Condition 5th percentile Median 95th percentile
Coldest month, mean daily low 1.6 °C 11.0 °C 14.7 °C
Warmest month, mean daily high 18.9 °C 28.2 °C 31.2 °C
Annual rainfall 1,734 mm 3,297 mm 4,662 mm
Rainfall in the driest quarter 88 mm 220 mm 813 mm

It is found where winters are cool but frost is light or absent. This is not care advice and it is not a forecast. It is a measurement: we sampled the climate at every one of the 2,028 research-grade observations of Persicaria chinensis that carry a coordinate, and this is the range those places actually span. The 5th and 95th percentiles are used rather than the minimum and maximum, because a single cultivated specimen in a heated conservatory should not widen a tropical plant's range to the Arctic.

This is not a hardiness zone. A USDA zone is the average annual extreme minimum temperature. The figure above is the mean daily minimum of the coldest month, which is a different quantity and is typically far warmer. Reading one as the other would place a plant several zones too warm, so we do not publish a hardiness zone, because we do not have one. Climate from CHELSA V2.1 (Karger et al. 2017); occurrences from 10.15468/dl.cgje2x.

Also published as 1 synonym

A synonym is not an error. It is a record of botanists disagreeing, in print, about where this plant belongs. Each of these was somebody’s considered answer.

  • Polygonum chinense L.

Sourcesevery claim on this page

  1. World Flora Online Plant List. accepted name, authority, classification. CC0. Retrieved 2026-07-12.
  2. iNaturalist. photographs and flowering annotations, CC0 / CC BY / CC BY-SA only. per photograph.
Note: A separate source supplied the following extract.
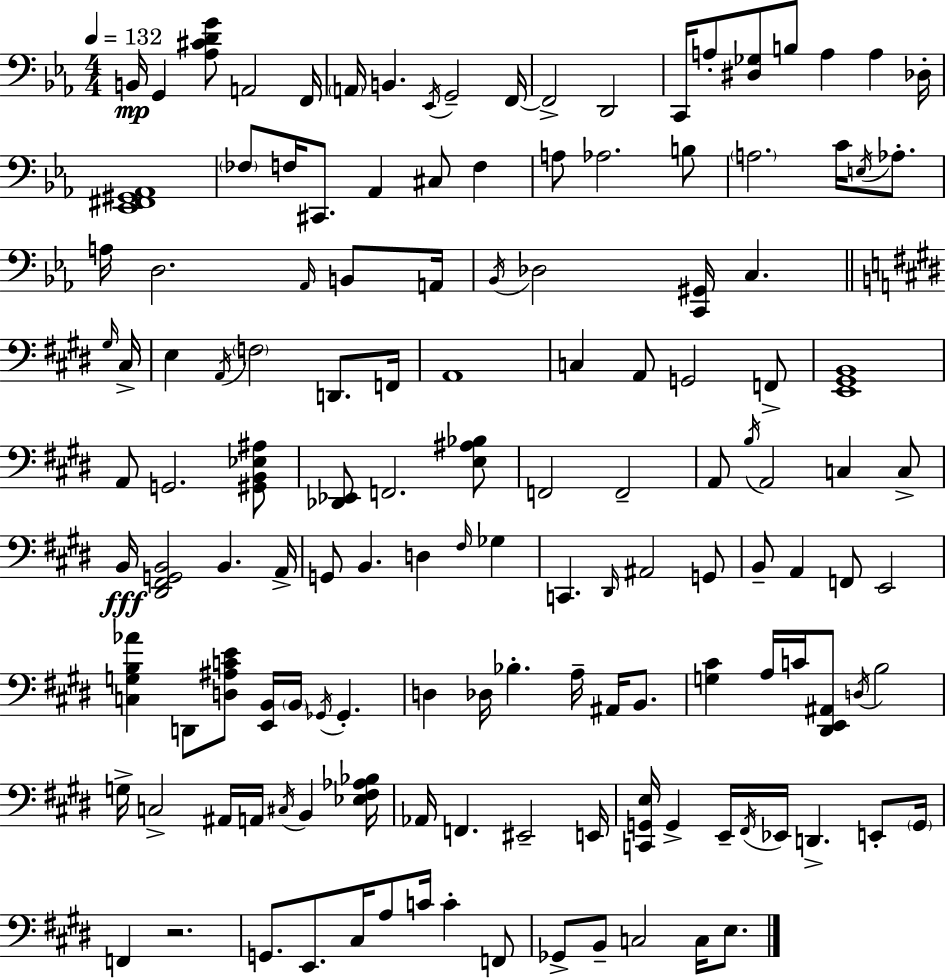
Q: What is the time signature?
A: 4/4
Retrieved 2026-06-27.
  3. USDA PLANTS Database. common name, checklist symbol POCH6. public domain. Retrieved 2026-07-13.
  4. Kew, World Checklist of Vascular Plants (WCVP v16). native distribution by TDWG level-3 botanical country, and life form. CC BY 3.0. Retrieved 2026-06-04.

We publish what we can source and we say so when we cannot. This page has no care advice and no toxicity claim, because we do not yet have those from a source we can cite.